Look below for the line holding "Pelican 1430 Case" and the line holding "Professional Hourglass Makeup". Transcribe exactly those lines and all lines between them, nothing more.

*RECORDS FOR THIS EXERCISE:*
┌──
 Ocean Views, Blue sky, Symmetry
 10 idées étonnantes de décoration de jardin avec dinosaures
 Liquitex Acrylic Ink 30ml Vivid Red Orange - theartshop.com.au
└──
┌──
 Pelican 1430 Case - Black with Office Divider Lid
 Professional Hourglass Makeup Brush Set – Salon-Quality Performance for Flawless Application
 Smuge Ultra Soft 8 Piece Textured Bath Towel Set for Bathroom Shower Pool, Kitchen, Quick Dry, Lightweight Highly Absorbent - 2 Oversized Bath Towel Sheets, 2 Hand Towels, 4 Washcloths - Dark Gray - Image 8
└──
*OUTPUT OF THE TASK:*
 Pelican 1430 Case - Black with Office Divider Lid
 Professional Hourglass Makeup Brush Set – Salon-Quality Performance for Flawless Application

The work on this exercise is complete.